Start of Block
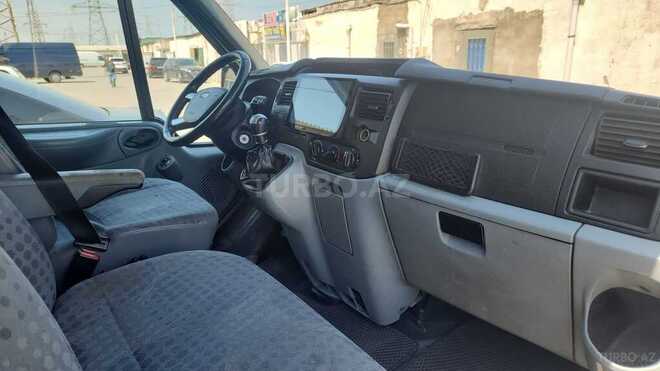 Ford Transit-7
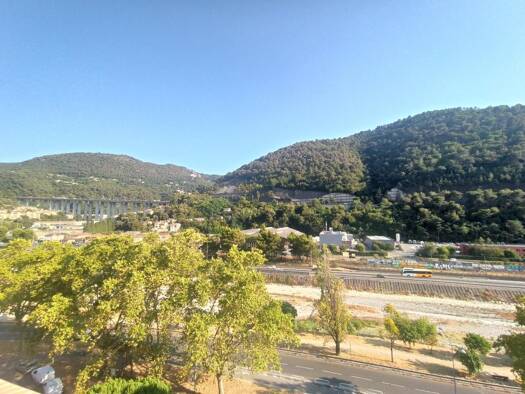 Appartement à vendre 210 000 € 5 pièces 4 chambres 93 m² Étage 8/8 Ariane Nice 06300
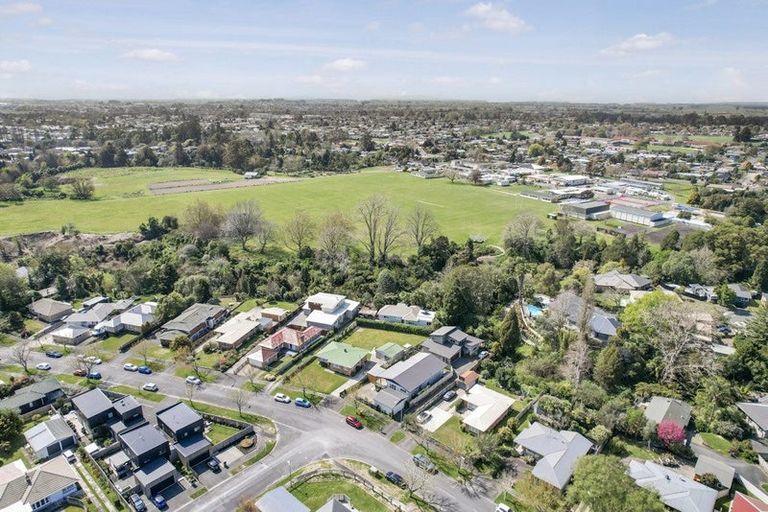 Photo of property in 18 Mcnicol Street, Fairfield, Hamilton, 3214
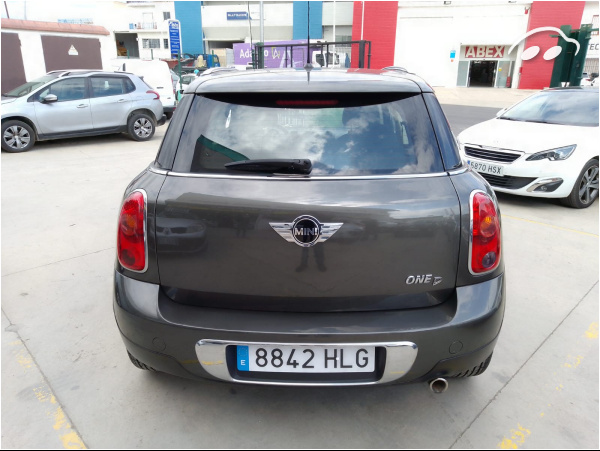 Mini Countryman One D 5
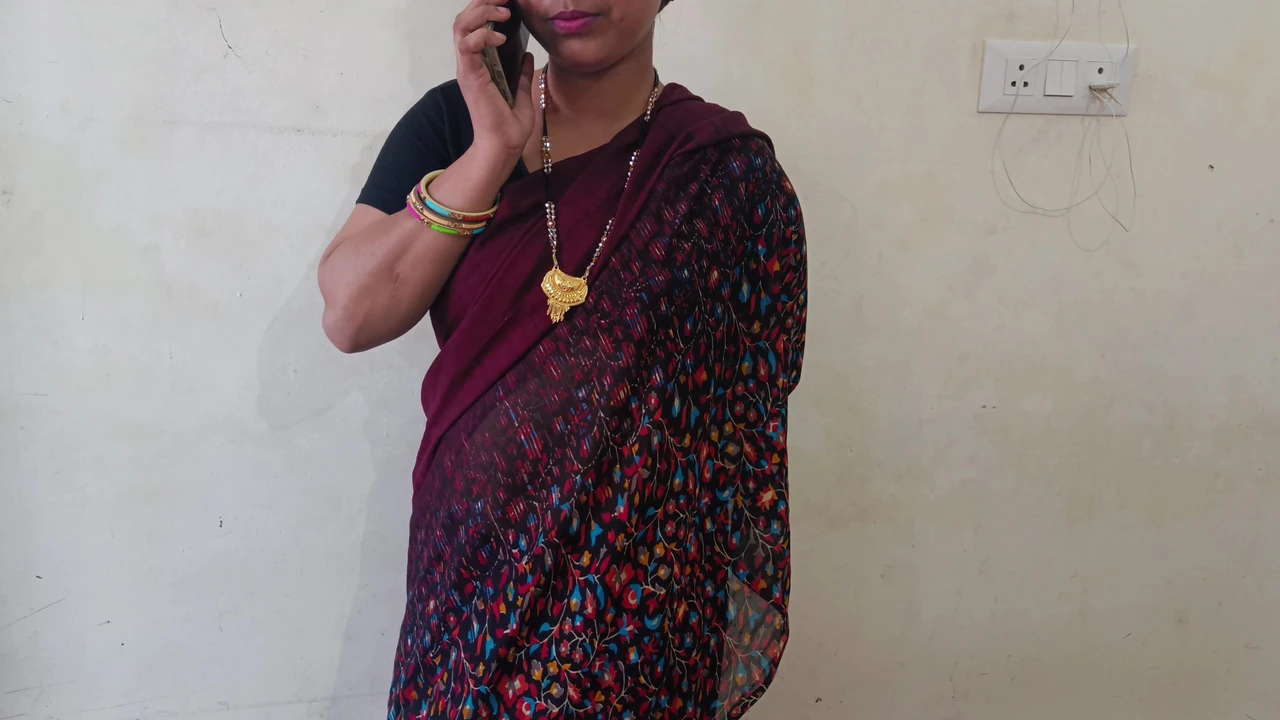 Bhabhi ne dever ko call kar ke apne Ghar pe bulaya our dever ke saath Kiya doggy style me sex saaf Hindi awaj me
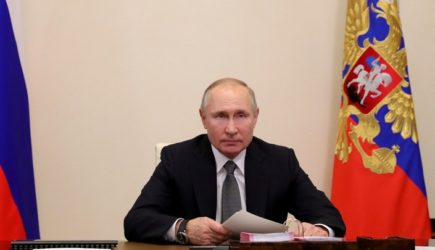 «В чём фокус?»: Путин устроил министру науки «экзамен», обсуждая зарплаты учёных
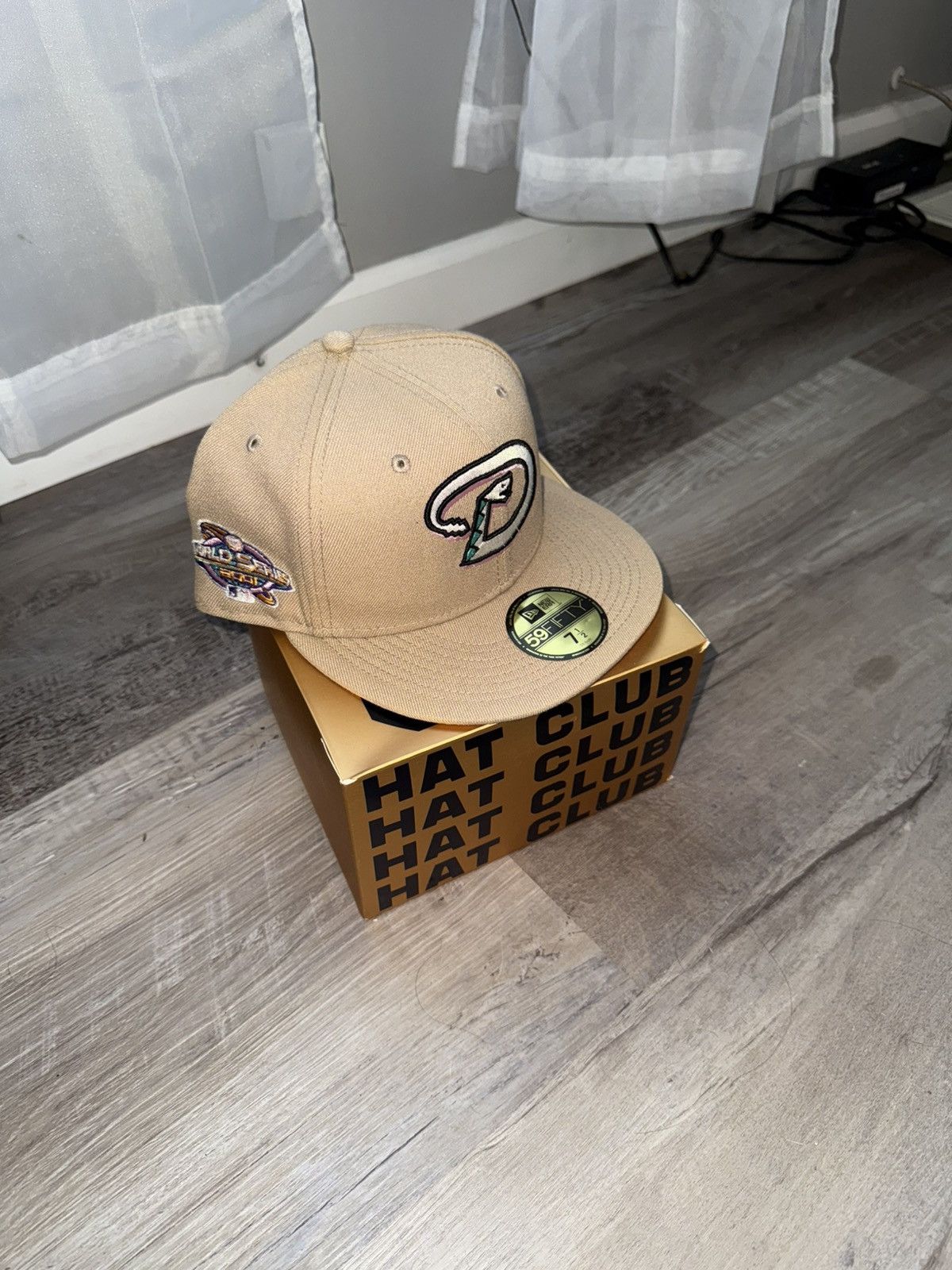 Hat Club × New Era Hat Club Sandstorm Collection WITH PIN Size ONE SIZE - 1 Thumbnail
End of Block
■ TASK PROMPT:
Pictures are to be omitted; otherwise, every line from the first line of the listing through the line containing "Mini Countryman One D 5" must be reproduced exactly, both ends included.

■ YOUR SOLUTION:
 Ford Transit-7
 Appartement à vendre 210 000 € 5 pièces 4 chambres 93 m² Étage 8/8 Ariane Nice 06300
 Photo of property in 18 Mcnicol Street, Fairfield, Hamilton, 3214
 Mini Countryman One D 5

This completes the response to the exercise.